+++ SOURCE MATERIAL

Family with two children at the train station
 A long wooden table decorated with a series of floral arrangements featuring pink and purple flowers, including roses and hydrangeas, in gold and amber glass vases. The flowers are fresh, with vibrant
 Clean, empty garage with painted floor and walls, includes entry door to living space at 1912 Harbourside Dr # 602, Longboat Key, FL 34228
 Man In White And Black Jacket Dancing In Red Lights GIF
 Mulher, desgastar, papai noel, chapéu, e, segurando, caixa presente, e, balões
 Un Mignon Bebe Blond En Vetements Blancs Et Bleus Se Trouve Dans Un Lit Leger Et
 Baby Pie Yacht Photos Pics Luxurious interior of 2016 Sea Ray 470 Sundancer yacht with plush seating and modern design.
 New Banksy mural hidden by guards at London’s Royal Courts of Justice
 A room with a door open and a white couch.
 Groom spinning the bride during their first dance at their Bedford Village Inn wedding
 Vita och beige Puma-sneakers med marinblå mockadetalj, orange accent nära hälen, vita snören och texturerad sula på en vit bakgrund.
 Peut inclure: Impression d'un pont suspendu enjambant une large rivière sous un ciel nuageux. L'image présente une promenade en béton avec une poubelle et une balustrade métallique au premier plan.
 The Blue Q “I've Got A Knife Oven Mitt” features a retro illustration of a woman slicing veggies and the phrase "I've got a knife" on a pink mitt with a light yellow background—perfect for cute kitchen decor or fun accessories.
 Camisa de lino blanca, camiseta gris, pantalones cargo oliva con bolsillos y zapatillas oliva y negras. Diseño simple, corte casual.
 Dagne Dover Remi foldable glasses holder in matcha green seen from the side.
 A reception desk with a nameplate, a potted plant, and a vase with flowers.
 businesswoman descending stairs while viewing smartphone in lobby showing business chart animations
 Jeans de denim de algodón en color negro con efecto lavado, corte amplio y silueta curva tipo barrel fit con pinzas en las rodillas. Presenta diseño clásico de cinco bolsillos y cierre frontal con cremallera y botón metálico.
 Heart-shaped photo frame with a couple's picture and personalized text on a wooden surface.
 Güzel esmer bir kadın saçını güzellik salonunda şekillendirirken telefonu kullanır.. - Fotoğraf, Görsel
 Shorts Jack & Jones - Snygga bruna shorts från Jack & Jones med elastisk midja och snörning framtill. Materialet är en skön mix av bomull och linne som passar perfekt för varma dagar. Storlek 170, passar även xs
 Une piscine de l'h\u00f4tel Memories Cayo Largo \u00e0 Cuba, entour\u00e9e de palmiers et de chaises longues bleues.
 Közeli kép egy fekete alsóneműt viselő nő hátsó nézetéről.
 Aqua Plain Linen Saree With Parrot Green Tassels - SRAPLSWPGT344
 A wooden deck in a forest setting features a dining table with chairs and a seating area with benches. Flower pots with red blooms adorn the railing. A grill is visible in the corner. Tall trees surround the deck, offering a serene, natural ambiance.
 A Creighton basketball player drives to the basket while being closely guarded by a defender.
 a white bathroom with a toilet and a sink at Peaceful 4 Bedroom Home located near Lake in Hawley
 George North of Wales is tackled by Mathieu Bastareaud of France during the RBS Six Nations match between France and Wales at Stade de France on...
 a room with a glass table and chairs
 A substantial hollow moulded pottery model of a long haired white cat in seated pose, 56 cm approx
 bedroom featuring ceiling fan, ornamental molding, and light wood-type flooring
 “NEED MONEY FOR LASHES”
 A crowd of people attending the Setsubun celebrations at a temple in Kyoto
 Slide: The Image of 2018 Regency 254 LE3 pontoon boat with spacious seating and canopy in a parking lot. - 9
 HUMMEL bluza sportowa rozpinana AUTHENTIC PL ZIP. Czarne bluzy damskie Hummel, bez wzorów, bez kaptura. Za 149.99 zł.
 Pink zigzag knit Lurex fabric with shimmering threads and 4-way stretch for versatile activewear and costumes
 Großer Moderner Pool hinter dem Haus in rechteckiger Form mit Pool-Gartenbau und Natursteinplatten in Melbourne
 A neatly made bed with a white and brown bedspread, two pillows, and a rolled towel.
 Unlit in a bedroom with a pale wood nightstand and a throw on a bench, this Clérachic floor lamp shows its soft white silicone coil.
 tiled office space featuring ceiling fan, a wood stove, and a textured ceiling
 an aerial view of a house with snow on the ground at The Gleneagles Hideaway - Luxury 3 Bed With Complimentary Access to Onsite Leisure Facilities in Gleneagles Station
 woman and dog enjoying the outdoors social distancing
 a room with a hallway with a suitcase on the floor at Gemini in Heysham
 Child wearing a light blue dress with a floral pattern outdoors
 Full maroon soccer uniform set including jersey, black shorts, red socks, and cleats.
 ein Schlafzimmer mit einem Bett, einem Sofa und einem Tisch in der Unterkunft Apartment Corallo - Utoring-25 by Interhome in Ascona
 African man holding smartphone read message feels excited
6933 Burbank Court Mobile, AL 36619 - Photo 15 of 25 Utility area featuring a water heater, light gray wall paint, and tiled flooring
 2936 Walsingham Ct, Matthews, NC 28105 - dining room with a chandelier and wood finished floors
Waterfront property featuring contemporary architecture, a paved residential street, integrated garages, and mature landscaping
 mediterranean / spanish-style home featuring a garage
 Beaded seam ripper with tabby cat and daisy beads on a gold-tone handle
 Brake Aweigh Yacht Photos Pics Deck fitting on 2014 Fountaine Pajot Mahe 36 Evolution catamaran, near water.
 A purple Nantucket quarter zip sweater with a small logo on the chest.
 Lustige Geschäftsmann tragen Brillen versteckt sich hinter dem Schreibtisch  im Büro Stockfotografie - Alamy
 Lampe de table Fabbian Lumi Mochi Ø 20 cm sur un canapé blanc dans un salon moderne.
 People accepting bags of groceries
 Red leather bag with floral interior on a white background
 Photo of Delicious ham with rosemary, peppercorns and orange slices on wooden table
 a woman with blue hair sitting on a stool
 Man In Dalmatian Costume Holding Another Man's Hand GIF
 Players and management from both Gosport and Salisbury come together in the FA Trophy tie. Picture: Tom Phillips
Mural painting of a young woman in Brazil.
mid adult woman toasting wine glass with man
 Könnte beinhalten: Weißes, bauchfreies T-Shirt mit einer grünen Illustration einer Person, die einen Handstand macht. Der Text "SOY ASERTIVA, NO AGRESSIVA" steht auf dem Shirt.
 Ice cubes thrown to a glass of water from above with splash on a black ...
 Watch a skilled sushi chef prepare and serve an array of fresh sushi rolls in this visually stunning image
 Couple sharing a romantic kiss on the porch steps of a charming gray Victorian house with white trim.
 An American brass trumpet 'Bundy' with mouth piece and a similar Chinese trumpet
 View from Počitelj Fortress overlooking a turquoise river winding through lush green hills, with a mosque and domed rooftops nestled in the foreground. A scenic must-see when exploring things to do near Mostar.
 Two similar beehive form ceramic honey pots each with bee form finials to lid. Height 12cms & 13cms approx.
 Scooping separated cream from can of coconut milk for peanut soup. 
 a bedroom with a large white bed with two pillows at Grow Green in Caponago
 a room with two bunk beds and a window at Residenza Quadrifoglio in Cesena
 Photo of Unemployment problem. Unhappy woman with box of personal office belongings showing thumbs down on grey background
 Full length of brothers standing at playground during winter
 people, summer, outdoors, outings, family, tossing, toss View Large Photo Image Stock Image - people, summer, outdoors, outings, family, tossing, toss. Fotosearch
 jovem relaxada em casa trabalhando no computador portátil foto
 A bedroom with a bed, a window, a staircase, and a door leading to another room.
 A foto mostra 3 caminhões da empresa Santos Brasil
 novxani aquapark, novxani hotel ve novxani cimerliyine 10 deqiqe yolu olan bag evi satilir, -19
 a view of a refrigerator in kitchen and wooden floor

++++++

INSTRUCTIONS TO FOLLOW: Leaving each word as it is, reproduce all the material.

SOLUTION TO THE PROBLEM:
Family with two children at the train station
 A long wooden table decorated with a series of floral arrangements featuring pink and purple flowers, including roses and hydrangeas, in gold and amber glass vases. The flowers are fresh, with vibrant
 Clean, empty garage with painted floor and walls, includes entry door to living space at 1912 Harbourside Dr # 602, Longboat Key, FL 34228
 Man In White And Black Jacket Dancing In Red Lights GIF
 Mulher, desgastar, papai noel, chapéu, e, segurando, caixa presente, e, balões
 Un Mignon Bebe Blond En Vetements Blancs Et Bleus Se Trouve Dans Un Lit Leger Et
 Baby Pie Yacht Photos Pics Luxurious interior of 2016 Sea Ray 470 Sundancer yacht with plush seating and modern design.
 New Banksy mural hidden by guards at London’s Royal Courts of Justice
 A room with a door open and a white couch.
 Groom spinning the bride during their first dance at their Bedford Village Inn wedding
 Vita och beige Puma-sneakers med marinblå mockadetalj, orange accent nära hälen, vita snören och texturerad sula på en vit bakgrund.
 Peut inclure: Impression d'un pont suspendu enjambant une large rivière sous un ciel nuageux. L'image présente une promenade en béton avec une poubelle et une balustrade métallique au premier plan.
 The Blue Q “I've Got A Knife Oven Mitt” features a retro illustration of a woman slicing veggies and the phrase "I've got a knife" on a pink mitt with a light yellow background—perfect for cute kitchen decor or fun accessories.
 Camisa de lino blanca, camiseta gris, pantalones cargo oliva con bolsillos y zapatillas oliva y negras. Diseño simple, corte casual.
 Dagne Dover Remi foldable glasses holder in matcha green seen from the side.
 A reception desk with a nameplate, a potted plant, and a vase with flowers.
 businesswoman descending stairs while viewing smartphone in lobby showing business chart animations
 Jeans de denim de algodón en color negro con efecto lavado, corte amplio y silueta curva tipo barrel fit con pinzas en las rodillas. Presenta diseño clásico de cinco bolsillos y cierre frontal con cremallera y botón metálico.
 Heart-shaped photo frame with a couple's picture and personalized text on a wooden surface.
 Güzel esmer bir kadın saçını güzellik salonunda şekillendirirken telefonu kullanır.. - Fotoğraf, Görsel
 Shorts Jack & Jones - Snygga bruna shorts från Jack & Jones med elastisk midja och snörning framtill. Materialet är en skön mix av bomull och linne som passar perfekt för varma dagar. Storlek 170, passar även xs
 Une piscine de l'h\u00f4tel Memories Cayo Largo \u00e0 Cuba, entour\u00e9e de palmiers et de chaises longues bleues.
 Közeli kép egy fekete alsóneműt viselő nő hátsó nézetéről.
 Aqua Plain Linen Saree With Parrot Green Tassels - SRAPLSWPGT344
 A wooden deck in a forest setting features a dining table with chairs and a seating area with benches. Flower pots with red blooms adorn the railing. A grill is visible in the corner. Tall trees surround the deck, offering a serene, natural ambiance.
 A Creighton basketball player drives to the basket while being closely guarded by a defender.
 a white bathroom with a toilet and a sink at Peaceful 4 Bedroom Home located near Lake in Hawley
 George North of Wales is tackled by Mathieu Bastareaud of France during the RBS Six Nations match between France and Wales at Stade de France on...
 a room with a glass table and chairs
 A substantial hollow moulded pottery model of a long haired white cat in seated pose, 56 cm approx
 bedroom featuring ceiling fan, ornamental molding, and light wood-type flooring
 “NEED MONEY FOR LASHES”
 A crowd of people attending the Setsubun celebrations at a temple in Kyoto
 Slide: The Image of 2018 Regency 254 LE3 pontoon boat with spacious seating and canopy in a parking lot. - 9
 HUMMEL bluza sportowa rozpinana AUTHENTIC PL ZIP. Czarne bluzy damskie Hummel, bez wzorów, bez kaptura. Za 149.99 zł.
 Pink zigzag knit Lurex fabric with shimmering threads and 4-way stretch for versatile activewear and costumes
 Großer Moderner Pool hinter dem Haus in rechteckiger Form mit Pool-Gartenbau und Natursteinplatten in Melbourne
 A neatly made bed with a white and brown bedspread, two pillows, and a rolled towel.
 Unlit in a bedroom with a pale wood nightstand and a throw on a bench, this Clérachic floor lamp shows its soft white silicone coil.
 tiled office space featuring ceiling fan, a wood stove, and a textured ceiling
 an aerial view of a house with snow on the ground at The Gleneagles Hideaway - Luxury 3 Bed With Complimentary Access to Onsite Leisure Facilities in Gleneagles Station
 woman and dog enjoying the outdoors social distancing
 a room with a hallway with a suitcase on the floor at Gemini in Heysham
 Child wearing a light blue dress with a floral pattern outdoors
 Full maroon soccer uniform set including jersey, black shorts, red socks, and cleats.
 ein Schlafzimmer mit einem Bett, einem Sofa und einem Tisch in der Unterkunft Apartment Corallo - Utoring-25 by Interhome in Ascona
 African man holding smartphone read message feels excited
6933 Burbank Court Mobile, AL 36619 - Photo 15 of 25 Utility area featuring a water heater, light gray wall paint, and tiled flooring
 2936 Walsingham Ct, Matthews, NC 28105 - dining room with a chandelier and wood finished floors
Waterfront property featuring contemporary architecture, a paved residential street, integrated garages, and mature landscaping
 mediterranean / spanish-style home featuring a garage
 Beaded seam ripper with tabby cat and daisy beads on a gold-tone handle
 Brake Aweigh Yacht Photos Pics Deck fitting on 2014 Fountaine Pajot Mahe 36 Evolution catamaran, near water.
 A purple Nantucket quarter zip sweater with a small logo on the chest.
 Lustige Geschäftsmann tragen Brillen versteckt sich hinter dem Schreibtisch  im Büro Stockfotografie - Alamy
 Lampe de table Fabbian Lumi Mochi Ø 20 cm sur un canapé blanc dans un salon moderne.
 People accepting bags of groceries
 Red leather bag with floral interior on a white background
 Photo of Delicious ham with rosemary, peppercorns and orange slices on wooden table
 a woman with blue hair sitting on a stool
 Man In Dalmatian Costume Holding Another Man's Hand GIF
 Players and management from both Gosport and Salisbury come together in the FA Trophy tie. Picture: Tom Phillips
Mural painting of a young woman in Brazil.
mid adult woman toasting wine glass with man
 Könnte beinhalten: Weißes, bauchfreies T-Shirt mit einer grünen Illustration einer Person, die einen Handstand macht. Der Text "SOY ASERTIVA, NO AGRESSIVA" steht auf dem Shirt.
 Ice cubes thrown to a glass of water from above with splash on a black ...
 Watch a skilled sushi chef prepare and serve an array of fresh sushi rolls in this visually stunning image
 Couple sharing a romantic kiss on the porch steps of a charming gray Victorian house with white trim.
 An American brass trumpet 'Bundy' with mouth piece and a similar Chinese trumpet
 View from Počitelj Fortress overlooking a turquoise river winding through lush green hills, with a mosque and domed rooftops nestled in the foreground. A scenic must-see when exploring things to do near Mostar.
 Two similar beehive form ceramic honey pots each with bee form finials to lid. Height 12cms & 13cms approx.
 Scooping separated cream from can of coconut milk for peanut soup. 
 a bedroom with a large white bed with two pillows at Grow Green in Caponago
 a room with two bunk beds and a window at Residenza Quadrifoglio in Cesena
 Photo of Unemployment problem. Unhappy woman with box of personal office belongings showing thumbs down on grey background
 Full length of brothers standing at playground during winter
 people, summer, outdoors, outings, family, tossing, toss View Large Photo Image Stock Image - people, summer, outdoors, outings, family, tossing, toss. Fotosearch
 jovem relaxada em casa trabalhando no computador portátil foto
 A bedroom with a bed, a window, a staircase, and a door leading to another room.
 A foto mostra 3 caminhões da empresa Santos Brasil
 novxani aquapark, novxani hotel ve novxani cimerliyine 10 deqiqe yolu olan bag evi satilir, -19
 a view of a refrigerator in kitchen and wooden floor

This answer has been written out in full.